Start of SUPPLIED INFORMATION

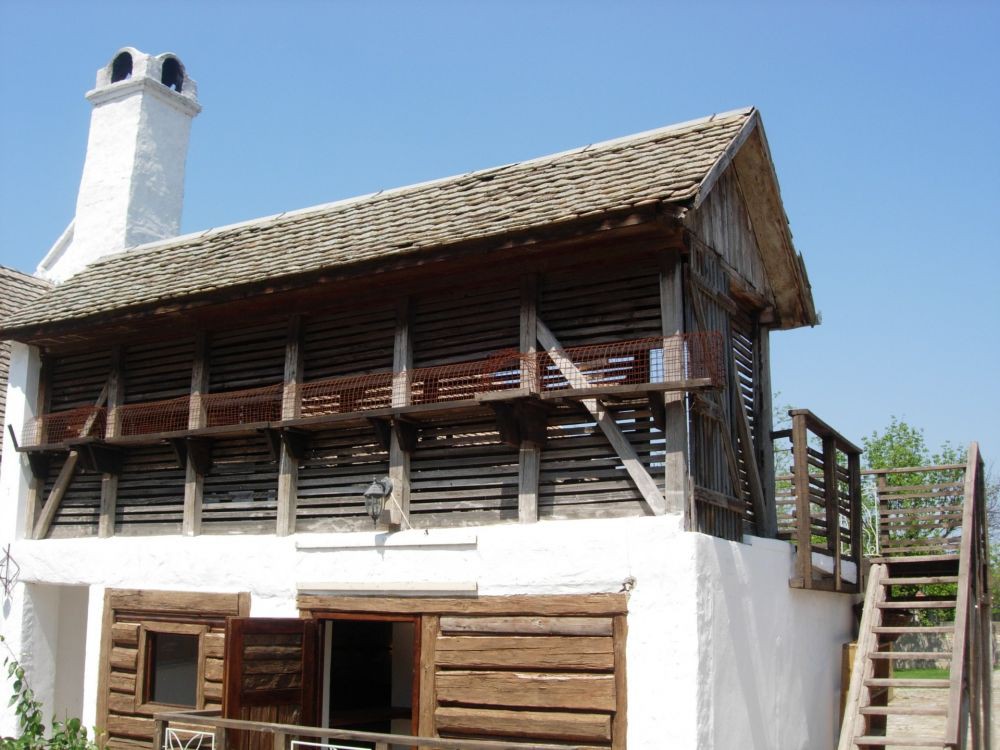 Zekin salaš - 4
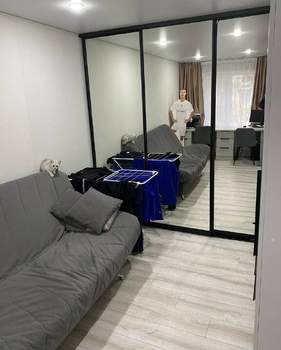 2-к квартира, вторичка, 45м2, 1/5 этаж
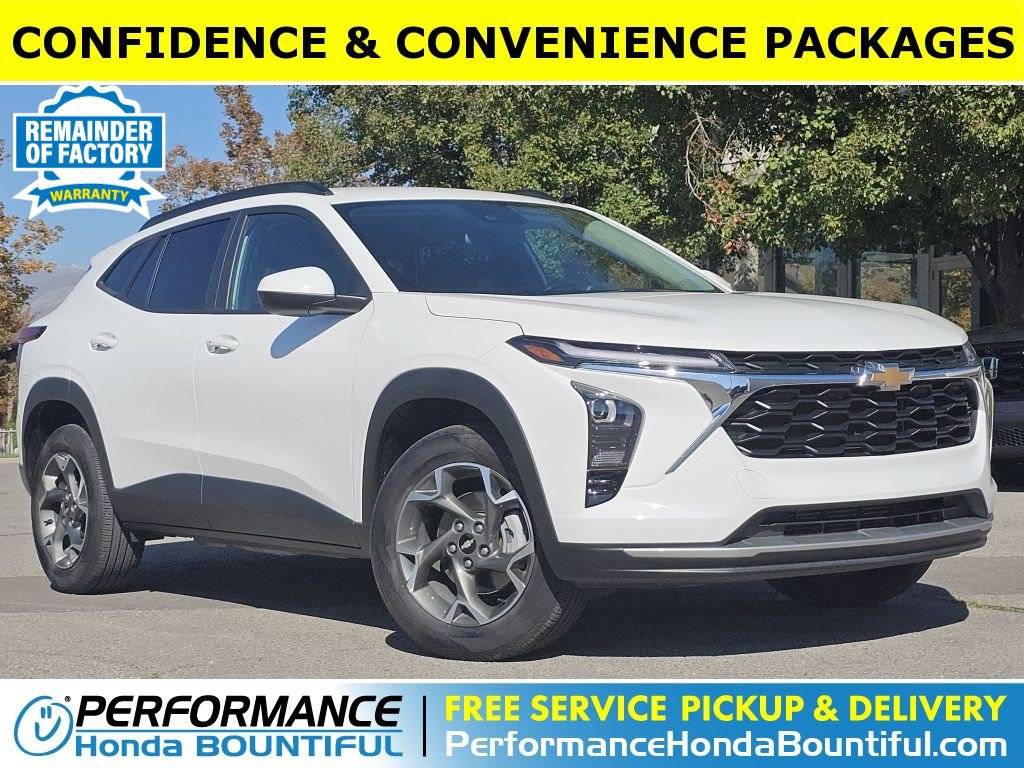 2024 Chevrolet Trax LT — SUV — 22,650 mi — Bountiful, UT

End of SUPPLIED INFORMATION

• _WHAT YOU ARE ASKED TO DO_: An exact copy of the listing is required; return it without any pictures.

• _EXERCISE SOLUTION_:
 Zekin salaš - 4
 2-к квартира, вторичка, 45м2, 1/5 этаж
 2024 Chevrolet Trax LT — SUV — 22,650 mi — Bountiful, UT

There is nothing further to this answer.